Thursday, February 14, 2008

Lucky.

I think it is no secret that our beloved van is elderly. And the elderly are just as good as the young, but certain things start to happen when we get older. Like, we shake a little when we go over 90 mph. No biggie. It happens. But, one of the advantages of youth is that we don't shake when we go over 90. Or at least, it seems like an advantage, at first. However, getting the shimmies can help you keep track of just what speed you are going, so the lack of the aforementioned shake takes away that little clue, thereby making dirty, evil, naughty speeding just a little easier.
My Dad's car is new. And the road to Vancouver is a lovely freeway with several lanes. And my Dad has satellite radio with lovely show tunes and hilarious comedy. And B.C. plates. The drive up was great. And the drive back down was great too, mostly.
Until I came up over a little hill and right up beside a King County sheriff.
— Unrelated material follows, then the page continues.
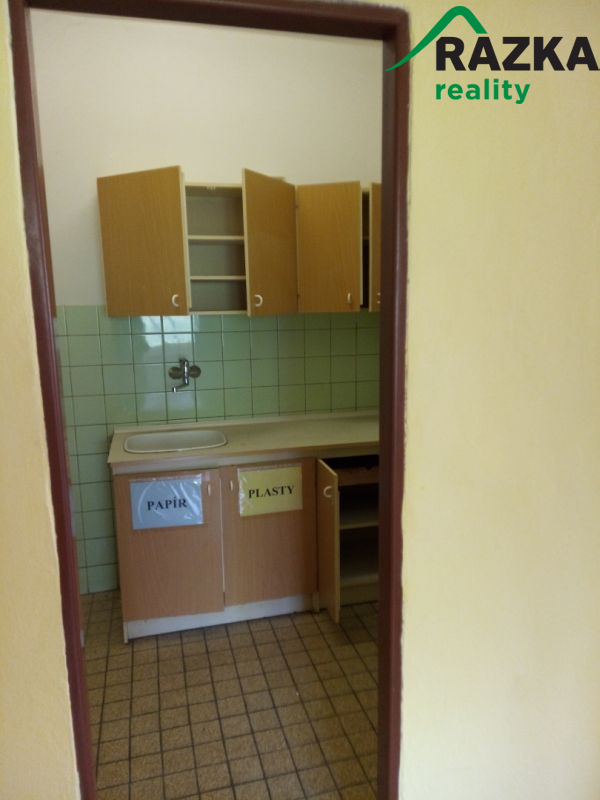 Pronájem nebytových prostor - bytové družstvo... - 7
Now, my Momma didn't raise no fool, so I slowed the hell down (and I wasn't going THAT much too fast, only a little) but the lights came on anyway.
Now, I have never, ever (knock wood) been pulled over. Ever. But everyone who watches enough T.V. or enough movies knows what the lights mean. It means you are f**cked. It means that the couple hundred bucks you were going to use to pay some bills, or buy a purse or have a nice dinner are going to the state coffers.
So, I swore violently, got the sick feeling in my stomach that all Canadians get when facing figures of authority, and pulled over. I pulled out my wallet as I waited for the Sheriff 'round these hea parts to come and wrestle away our hard earned cash...And then he turned on this HUGE, insanely bright light, and I was sure I was also going to get a free roadside rectal. And then I remembered the tiny baggie filled with tiny, whitish crystals in my make-up bag. It was only sea salt for my new piercing, but it was unlabeled and I am panic junkie.
The cop makes his way over to the car, giant flashlight in hand. He was not, however a huge, hulking anger ball, but an older, smallish, sheriffy looking fellow. That seemed like either a really good thing, or the worst thing ever (see: Dukes of Hazzard), and then he said the most classic cop line since "A honey dip and a double-double please (see: Canada, former hockey player owned donut-shops of)." He said "Evening. Washington state Sheriff office. Do you know why I pulled you over?"
I am not blond. I am not delicate. I am not terribly girl. I am incapable of flirting. I am not tiny. I am not bubbly. But I ain't stupid. "I'm sorry Sir, no, I don't." Nervous smile.
"You had to be going over the speed limit. You came up over that hill and then had to slow down to drive right beside me and I was going the limit. You had to be doing at least 80."
"Oh my gosh Sir, I am so sorry. I thought the limit was 80 Sir."
"No. It is 70. There isn't anywhere in Washington state that is 80."
"Oh no. I am so sorry." Chagrined look.
"You can't just slow down when you see me. It doesn't work that way."
"Oh no Sir. I know." Very tiny nervous laugh.
A curt nod. "Alright. It is 70 here. Have a good night."
"Thank you so much Sir, you too."
And he waited behind me until I merged back in the flow of traffic. Which took a minute because I was peeing my pants.
And I drove in the far right lane and set the cruise control for 68 for the rest of the trip home.
Oh and Happy Valentine's Day.

1 Comments:

Anonymous Anonymous said...

Best story ever...I can totally appreciate ever second of panic and terror! Miss you!

2/17/2008 12:12:00 p.m.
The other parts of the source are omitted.